Fizik, matematik bilmeyen ve doğanın dilini bilmeyenden mühendis olmaz diye boşuna demiyorum.
Hız ve ivmeyi sadece araba ve asansörde zanneden bir toplum fay’ı da bir çizgi zanneder ve o çizgiden kaçmanın yolunu arar! Oysa durum ve yapılması gereken gayet açık, deprem güvenli kentler inşa etmek, aşağıdaki haritada ilk depremin oluştuğu fay hattı ve bölgedeki ivme dağılımı görülmektedir.
Peki bu neyi ifade ediyor. Binanın kütlesiyle bu ivmenin çarpımı kadar bir kuvvet dinamik olarak etki ediyor.
Binanız bu kuvveti karşılayacak kadar dayanıklı değilse göçüyor maalesef. Zeminin rolü ise ; kahve ve koyu kahverengi bölgelerde açık olarak görülmektedir.

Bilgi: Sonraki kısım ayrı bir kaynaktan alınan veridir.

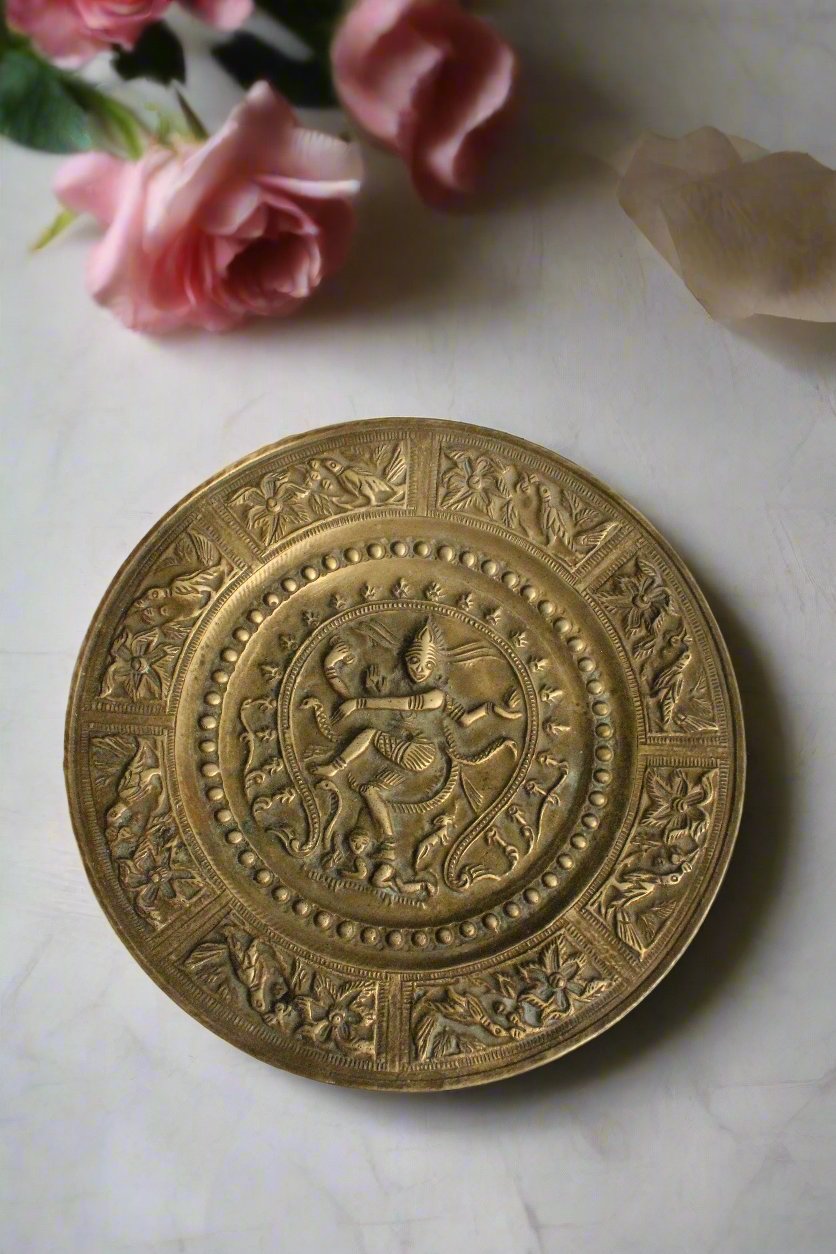 Beautiful Vintage Dancing God Natraj Embossed Brass Plate – Style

Sıvılaşma ve zemin büyütme potansiyeline sahip dolgu zeminlerde; ivme haritada verildiği gibi büyümektedir.
Yapının kütlesi de büyükse, bu iki terimin çarpımı olan kuvvet aşırı büyümekte, proje, işçilik, uygulama hataları ve denetimsizlik de bunu izleyince sonuç ortada maalesef.
Bu nedenle; bu tür tarım alanlarının yerleşime açmamak gerekiyor.
Sadece deprem açısından değil kuraklık, taşkın, gıda güvenliği vb diğer riskler yönünden de bu durum ayrıca büyük önem taşıyor.
Bu nedenle; toplum olarak, bilime, uzmanlığa saygı gösterip, disiplinlerarası çalışma kültürünü uygulamaya koymamız tek çözüm yolu.